--- INPUT DATA ---

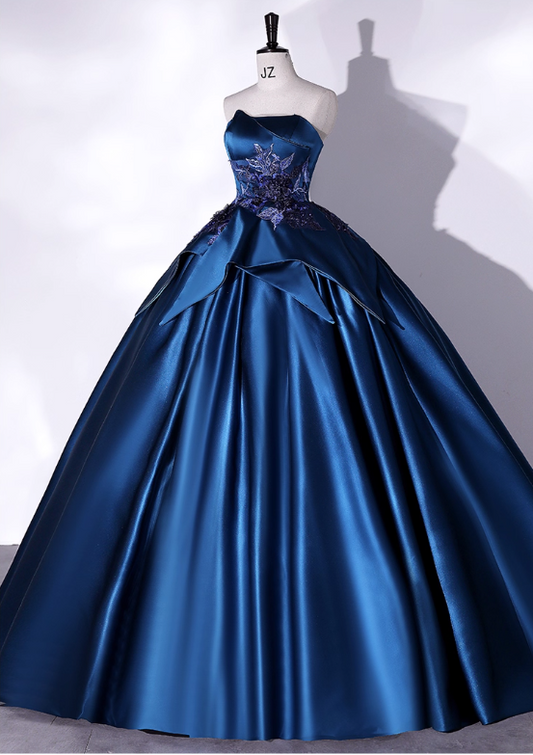 Elegant Royal Blue Applique Quinceanera A-Line Strapless Evening Dress Long Ball Gown DP6965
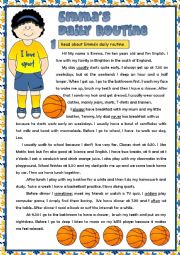 English Worksheet: Emmas daily routine - *5 tasks*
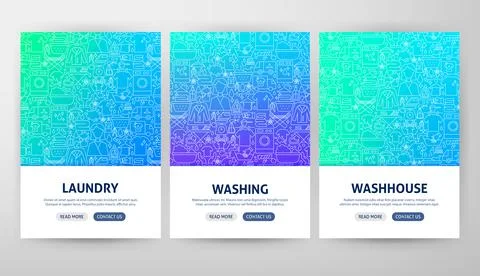 Laundry Flyer Concepts Illustrazione stock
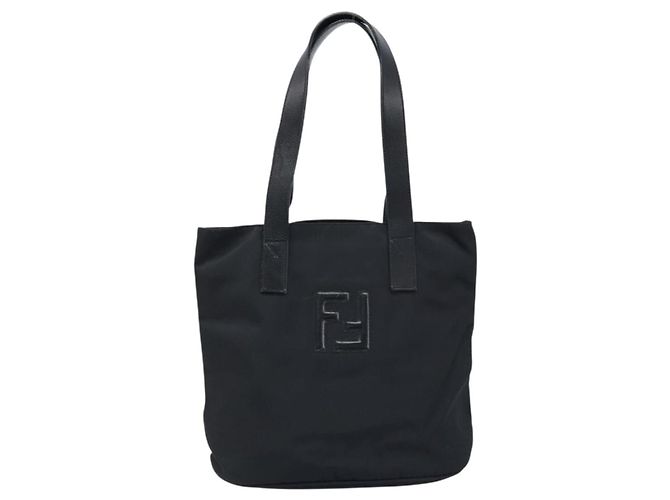 FENDI Tote Bag Nylon Schwarz Silber Auth 173802 - Ansicht 13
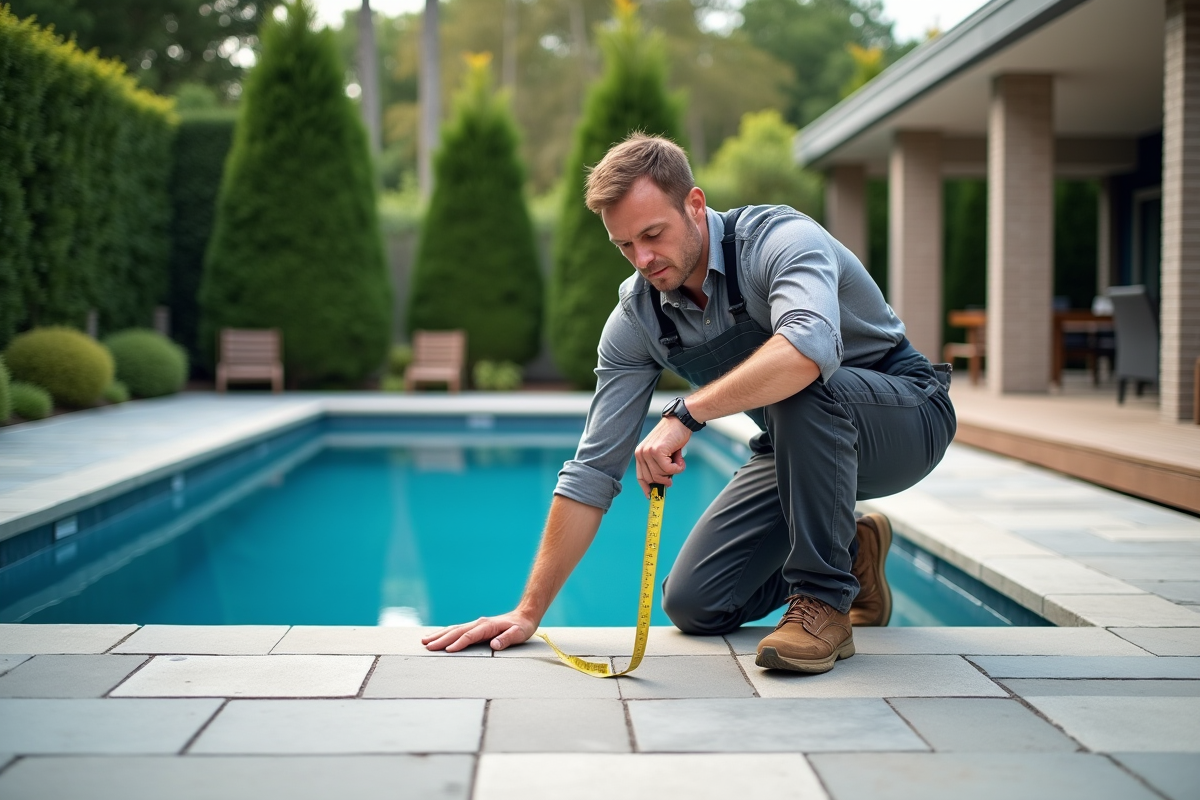 Installateur mesurant la piscine dans le jardin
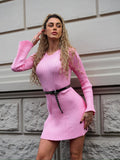 Abito in maglia rosa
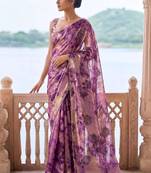 Purple tie and dye beads and stones organza saree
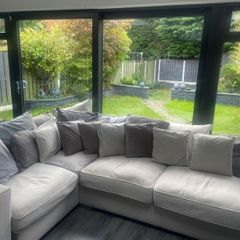 Grey Corner Sofa and Chair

---

(TASK TO CARRY OUT):
Nothing but the pictures is to be left out; repeat the data exactly.

(ANSWER FOR THIS EXERCISE):
 Elegant Royal Blue Applique Quinceanera A-Line Strapless Evening Dress Long Ball Gown DP6965
 English Worksheet: Emmas daily routine - *5 tasks*
 Laundry Flyer Concepts Illustrazione stock
 FENDI Tote Bag Nylon Schwarz Silber Auth 173802 - Ansicht 13
 Installateur mesurant la piscine dans le jardin
 Abito in maglia rosa
 Purple tie and dye beads and stones organza saree
 Grey Corner Sofa and Chair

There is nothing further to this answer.